Ubeaud G, Schiller C D, Hurbin F, Jaeck D, Coassolo P
F. Hoffmann-La Roche Ltd., Pharma Division, Preclinical Research, Basel, Switzerland.
Eur J Pharm Sci. 1999 Aug;8(4):255-60. doi: 10.1016/s0928-0987(99)00016-0.
The flavin-containing monooxygenase (FMO)-dependent N-oxidation of benzydamine has been assessed as a method for monitoring the activity of FMOs in monolayer cultures of hepatocytes from rat, dog, rabbit, hamster and human. The advantage of this substrate is that benzydamine N-oxide formation can be measured directly in extracts of cellular incubations without an intensive work-up procedure. Benzydamine and its N-oxide are readily separated by HPLC with fluorometric detection. This assay proved sensitive enough to monitor FMOs activity in intact monolayer of cultured hepatocytes. The formation of benzydamine N-oxide was inhibited when hepatocytes were coincubated with methimazole (another FMO substrate) in a dose-dependent manner, whereas N-octylamine (an inhibitor of cytochrome P450) had no inhibitory effect. In contrast to cytochrome P450, FMO activity assessed by benzydamine N-oxidation was relatively stable for all species studied during 72-h cultures.
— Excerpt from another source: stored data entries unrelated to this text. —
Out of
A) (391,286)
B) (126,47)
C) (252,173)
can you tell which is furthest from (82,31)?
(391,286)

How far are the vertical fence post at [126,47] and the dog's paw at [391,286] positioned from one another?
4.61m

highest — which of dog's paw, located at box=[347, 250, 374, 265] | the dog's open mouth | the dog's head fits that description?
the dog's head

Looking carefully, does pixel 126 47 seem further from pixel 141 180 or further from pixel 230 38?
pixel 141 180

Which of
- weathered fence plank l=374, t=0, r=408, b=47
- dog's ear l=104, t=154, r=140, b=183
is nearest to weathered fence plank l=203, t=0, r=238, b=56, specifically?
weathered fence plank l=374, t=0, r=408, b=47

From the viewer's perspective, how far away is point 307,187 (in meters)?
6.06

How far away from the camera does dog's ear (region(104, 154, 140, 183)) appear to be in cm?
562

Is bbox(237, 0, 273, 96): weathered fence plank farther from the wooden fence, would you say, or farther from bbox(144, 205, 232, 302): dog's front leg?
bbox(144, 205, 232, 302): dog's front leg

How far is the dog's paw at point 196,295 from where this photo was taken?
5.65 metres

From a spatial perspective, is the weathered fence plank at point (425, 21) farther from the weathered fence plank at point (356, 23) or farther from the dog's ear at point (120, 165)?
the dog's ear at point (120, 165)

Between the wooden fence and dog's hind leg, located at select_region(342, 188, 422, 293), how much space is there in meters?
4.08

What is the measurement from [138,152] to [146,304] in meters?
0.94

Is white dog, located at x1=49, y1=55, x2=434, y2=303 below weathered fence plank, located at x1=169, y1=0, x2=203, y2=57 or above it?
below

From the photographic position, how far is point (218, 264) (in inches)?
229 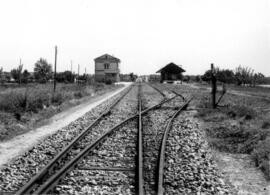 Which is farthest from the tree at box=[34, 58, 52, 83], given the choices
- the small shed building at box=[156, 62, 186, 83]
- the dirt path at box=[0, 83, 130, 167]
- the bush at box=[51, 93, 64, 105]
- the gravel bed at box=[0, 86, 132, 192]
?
the gravel bed at box=[0, 86, 132, 192]

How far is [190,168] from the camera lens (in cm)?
533

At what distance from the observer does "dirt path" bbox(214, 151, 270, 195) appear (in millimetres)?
4570

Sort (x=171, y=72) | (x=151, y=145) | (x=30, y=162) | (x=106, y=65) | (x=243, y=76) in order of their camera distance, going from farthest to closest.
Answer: (x=106, y=65) → (x=171, y=72) → (x=243, y=76) → (x=151, y=145) → (x=30, y=162)

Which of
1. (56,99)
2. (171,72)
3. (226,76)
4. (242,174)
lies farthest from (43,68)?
(242,174)

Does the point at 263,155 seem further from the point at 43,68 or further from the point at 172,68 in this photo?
the point at 43,68

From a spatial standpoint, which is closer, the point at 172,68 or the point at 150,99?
the point at 150,99

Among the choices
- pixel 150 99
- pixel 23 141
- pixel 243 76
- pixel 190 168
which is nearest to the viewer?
pixel 190 168

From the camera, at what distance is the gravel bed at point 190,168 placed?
14.6 ft

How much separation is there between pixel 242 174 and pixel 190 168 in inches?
39.5

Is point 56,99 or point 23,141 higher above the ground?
point 56,99

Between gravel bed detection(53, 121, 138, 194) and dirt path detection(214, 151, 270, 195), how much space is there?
72.0 inches

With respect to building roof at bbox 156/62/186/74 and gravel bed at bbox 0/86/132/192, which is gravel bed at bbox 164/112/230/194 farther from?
building roof at bbox 156/62/186/74

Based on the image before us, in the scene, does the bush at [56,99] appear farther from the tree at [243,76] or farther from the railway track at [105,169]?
the tree at [243,76]

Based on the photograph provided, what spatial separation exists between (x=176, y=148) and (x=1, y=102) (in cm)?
886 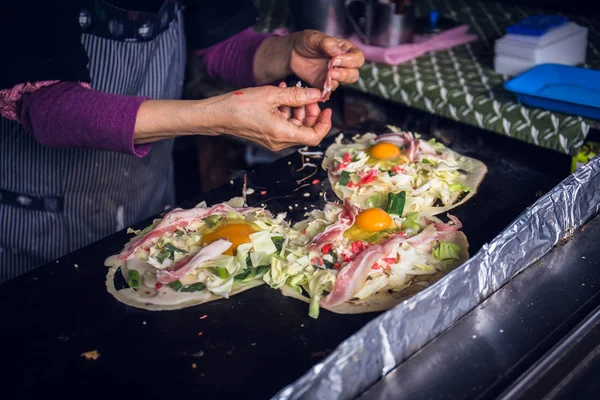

已评估了含黄素单加氧酶(FMO)依赖的苄达明N-氧化反应,以此作为监测大鼠、犬、兔、仓鼠和人肝细胞单层培养物中FMO活性的一种方法。该底物的优势在于,苄达明N-氧化物的形成可在细胞培养物提取物中直接测定,无需繁琐的后处理程序。苄达明及其N-氧化物可通过高效液相色谱结合荧光检测轻松分离。该测定方法被证明灵敏度足以监测培养肝细胞完整单层中的FMO活性。当肝细胞与甲巯咪唑(另一种FMO底物)共同孵育时,苄达明N-氧化物的形成呈剂量依赖性受到抑制,而N-辛胺(细胞色素P450的抑制剂)则无抑制作用。与细胞色素P450不同,在72小时培养期间,通过苄达明N-氧化评估的FMO活性在所有研究物种中相对稳定。